* [Required work] Here are the records. Write out exactly the lines between the one holding "223-148-001 Системный блок" and the one holding "Дистиллят ТГК концентрат Бийск", inclusive.

* [Data to use]
== Segment start ==

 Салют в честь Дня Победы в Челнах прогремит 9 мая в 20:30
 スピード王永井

== Segment end ==
== Segment start ==

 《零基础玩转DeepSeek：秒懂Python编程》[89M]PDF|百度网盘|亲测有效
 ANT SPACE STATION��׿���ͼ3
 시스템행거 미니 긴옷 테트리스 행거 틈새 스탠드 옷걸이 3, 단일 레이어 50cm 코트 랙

== Segment end ==
== Segment start ==

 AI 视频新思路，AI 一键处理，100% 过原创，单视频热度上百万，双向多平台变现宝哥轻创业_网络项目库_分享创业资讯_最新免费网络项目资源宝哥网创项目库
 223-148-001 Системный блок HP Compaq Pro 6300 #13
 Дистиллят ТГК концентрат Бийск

== Segment end ==

* [The completed task]
 223-148-001 Системный блок HP Compaq Pro 6300 #13
 Дистиллят ТГК концентрат Бийск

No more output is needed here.